Paul Peschisolido, the former Sheffield United centre-forward, last night explained why fellow Canadian David Edgar possesses the qualities required to follow in his footsteps and carve a successful career at Bramall Lane.
Peschisolido, who made over 100 appearances during two spells with the club, told The Star he is tracking his compatriot’s progress with interest after drawing parallels between their route into the English game.
“There are certain traits I think most Canadian players have which give us an opportunity to do well,” Peschisolido said. “Perhaps the most important one, particularly in David’s instance and also mine, is that you’ve got to be so dedicated and work so hard to get the opportunities.
“When I was first coming through, I can absolutely assure you that teams didn’t have the worldwide scouting networks they do now. There were no scouts from Europe in Canada and I doubt, even though it wasn’t so long ago, that it was the same with David. Of course, with the MLS, things are changing now but back then it was completely different.
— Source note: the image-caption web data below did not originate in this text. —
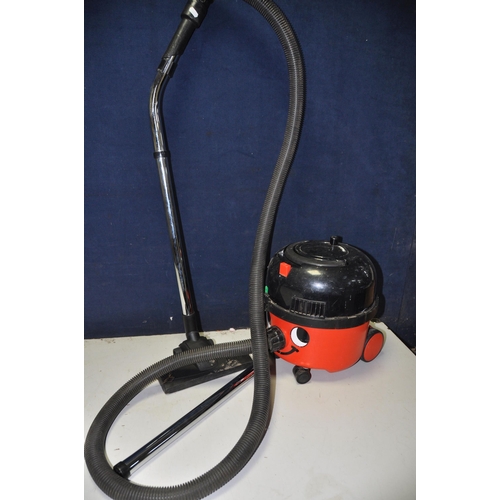 1100 - A HENRY HVR200-22 VACUUM CLEANER with pole and pipe (PAT pass and working)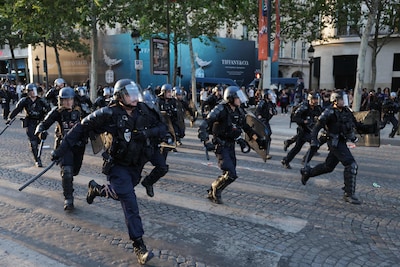 topshot-french-republican-security-corps-crs-compagnies-republicaines-de-securite-police-officers-ru.jpeg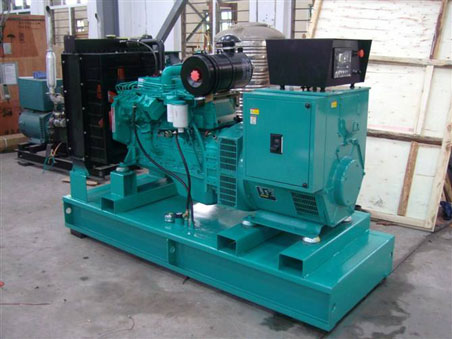 宁县200kw康明斯柴油发电机组图片 宁县200kw康明斯柴油发电机组图片
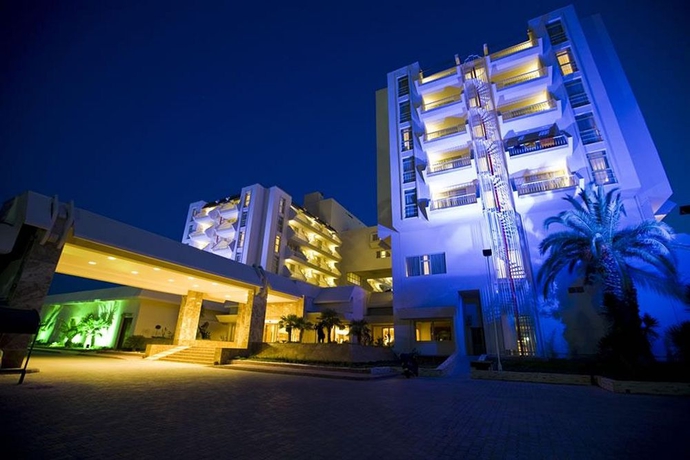 Imagen general del Hotel Fantasia De Luxe. Foto 4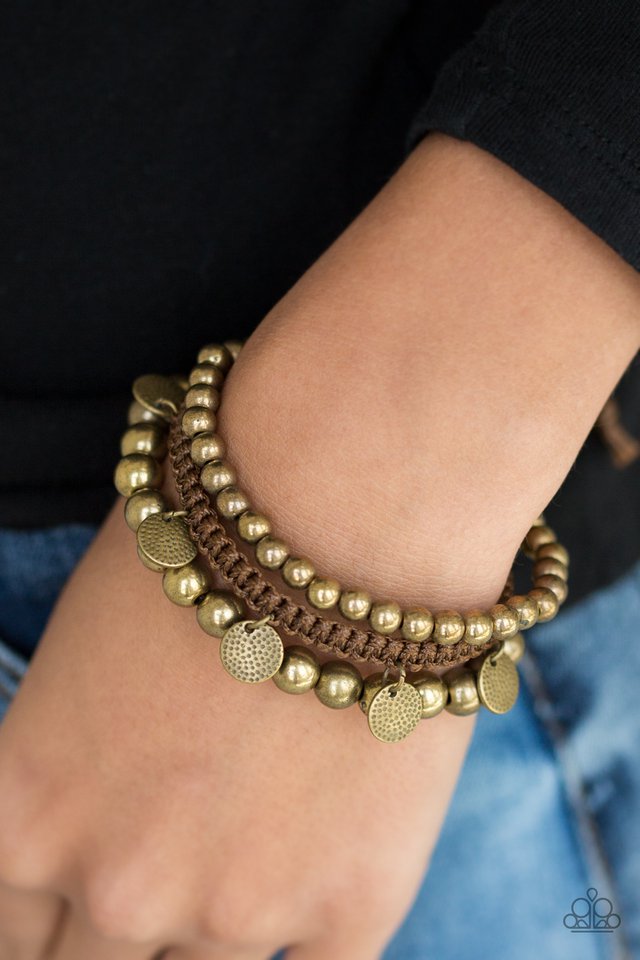 Paparazzi ♥ Seafaring Adventure - Brass ♥ Bracelet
“Everything you got, you had to earn. I played with so many talented kids when I was a youngster. Plenty of them could have become footballers but, because of the geography, that wasn’t enough. You had to have the attitude too.”
Edgar, aged 28, has attributed his determination to representing the Canadian nation team which, following this summer’s Gold Cup, is placed 101 on the FIFA ranking list.
Peschisolido, capped 53 times by his country, echoed those sentiments but explained how cultural traits are also likely to have helped the central defender’s cause.
“As David has explained, when you are with Canada, you are always the underdog and that gives you a certain mindset,” he said. “You are ready to fight and fight hard. You are always up against it. But I also think that sportspeople from North America are also brought up a little bit differently from elsewhere.
“We’re taught the importance of being polite and how that can persuade people to give you opportunities. If you watch Family Guy, you’ll see what I mean because people from the States love to make fun of us for it. Also, we understand the humour here too. And, if you are going to do well in England, you’ve got to be a part of the dressing room banter. In Canada, we place great importance on being nice but we understand the sarcasm and stuff like that.”